INSTRUCTIONS FOR THE TASK »
Exclude the pictures and reproduce exactly the lines that run from the one holding "美女 手指 钢笔 长发 喔" to the end of the entries below.

[Caption-style text data]
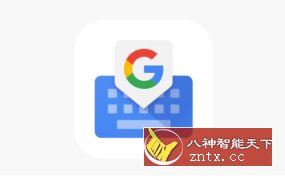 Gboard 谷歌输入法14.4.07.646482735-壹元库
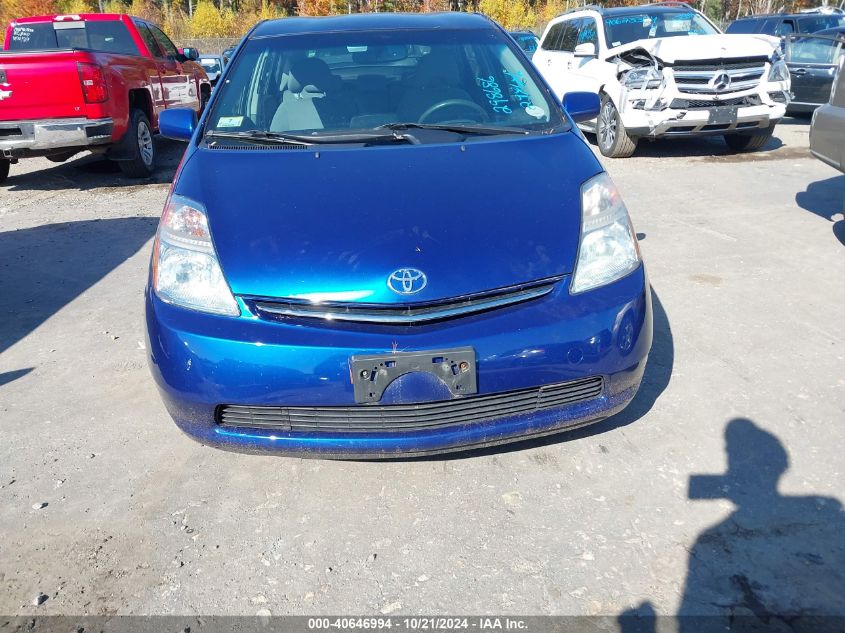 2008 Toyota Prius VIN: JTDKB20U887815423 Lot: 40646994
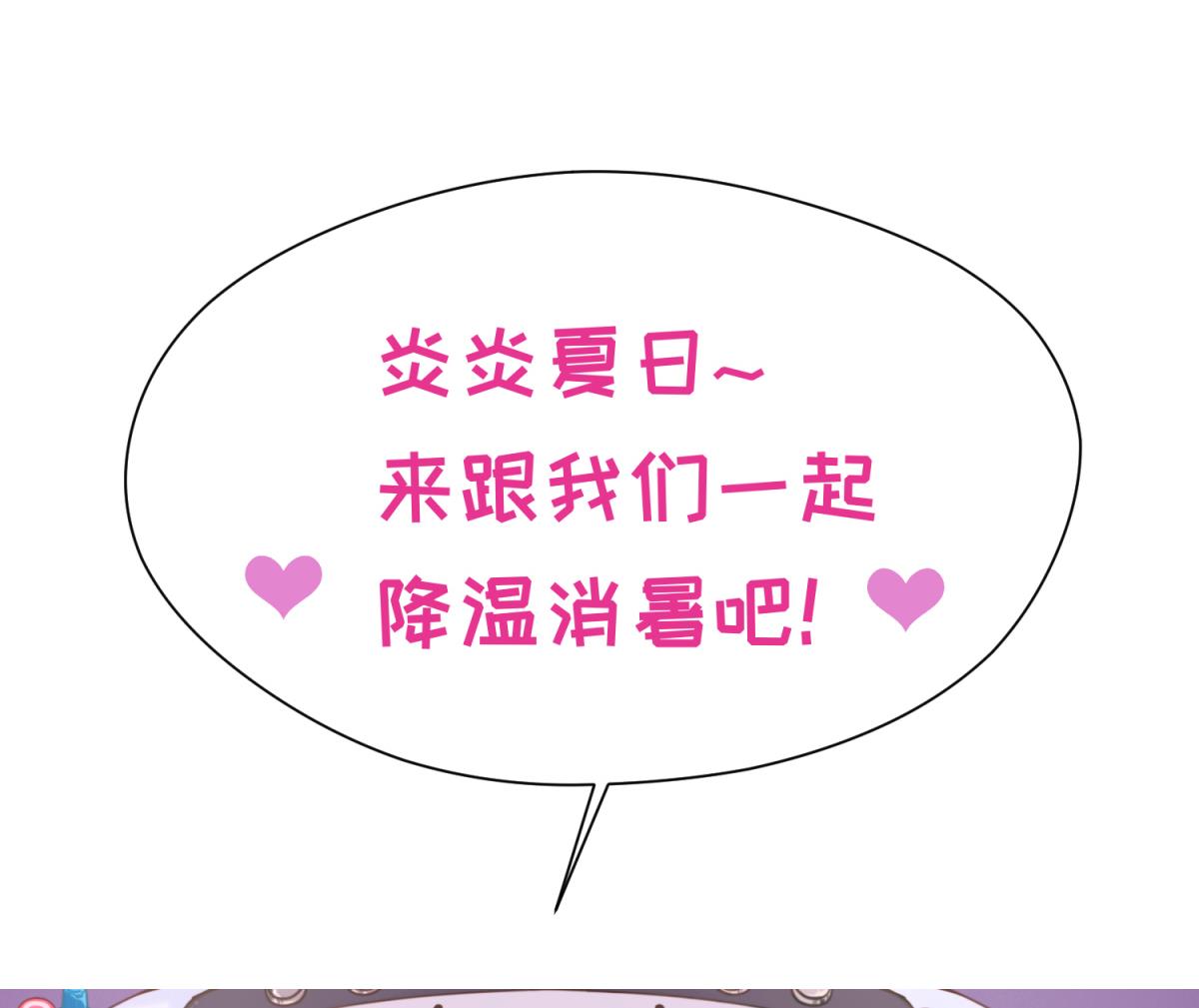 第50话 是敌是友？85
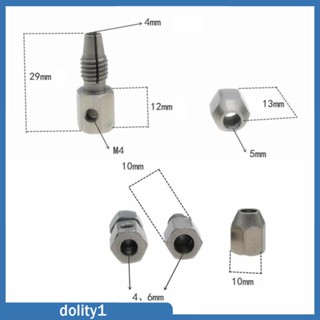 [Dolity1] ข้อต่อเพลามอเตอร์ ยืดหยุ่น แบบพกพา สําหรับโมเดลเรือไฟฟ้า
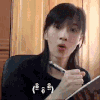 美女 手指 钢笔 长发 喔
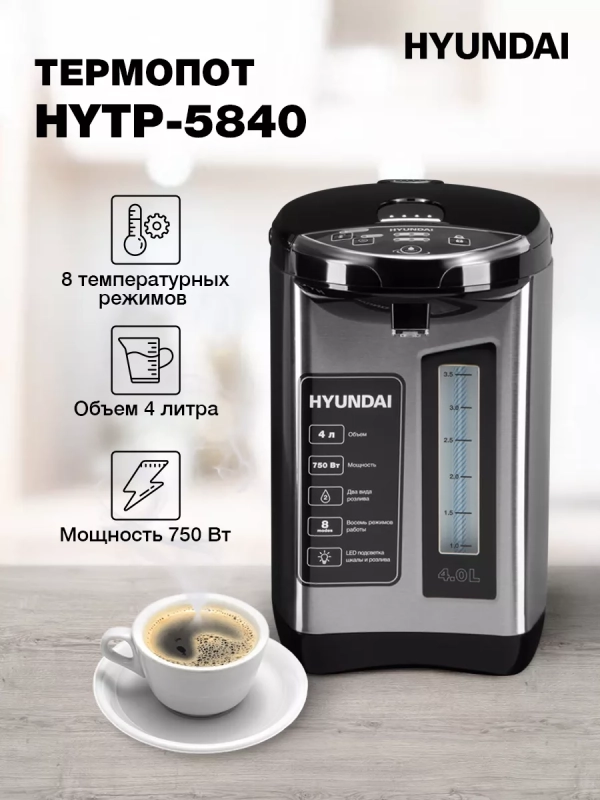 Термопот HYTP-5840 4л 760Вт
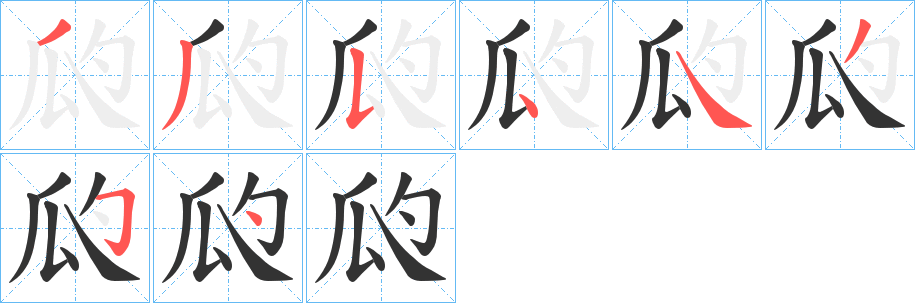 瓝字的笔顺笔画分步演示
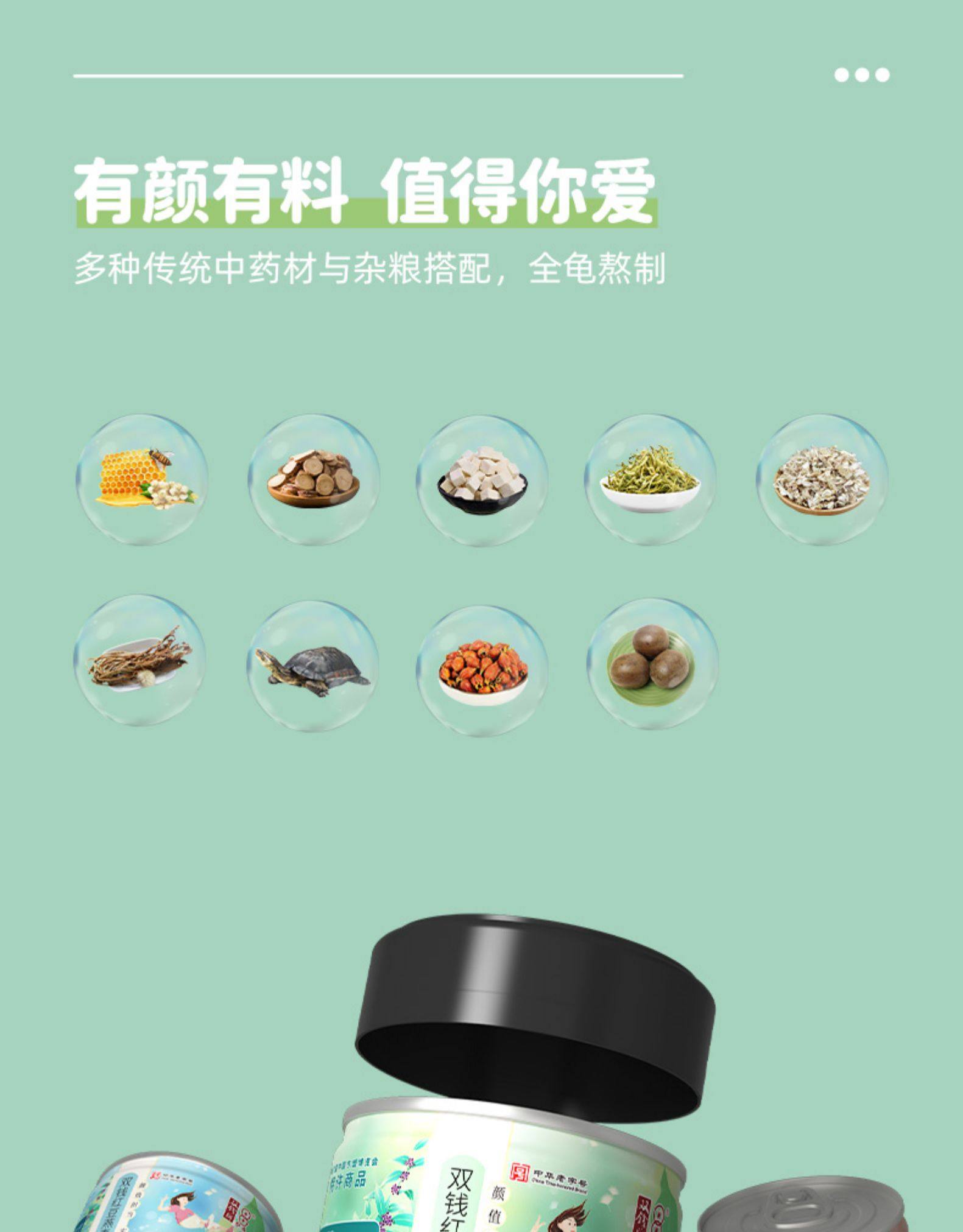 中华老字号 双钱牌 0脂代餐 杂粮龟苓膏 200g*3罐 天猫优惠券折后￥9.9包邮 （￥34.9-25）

RESULT FOR THIS TASK »
 美女 手指 钢笔 长发 喔
 Термопот HYTP-5840 4л 760Вт
 瓝字的笔顺笔画分步演示
 中华老字号 双钱牌 0脂代餐 杂粮龟苓膏 200g*3罐 天猫优惠券折后￥9.9包邮 （￥34.9-25）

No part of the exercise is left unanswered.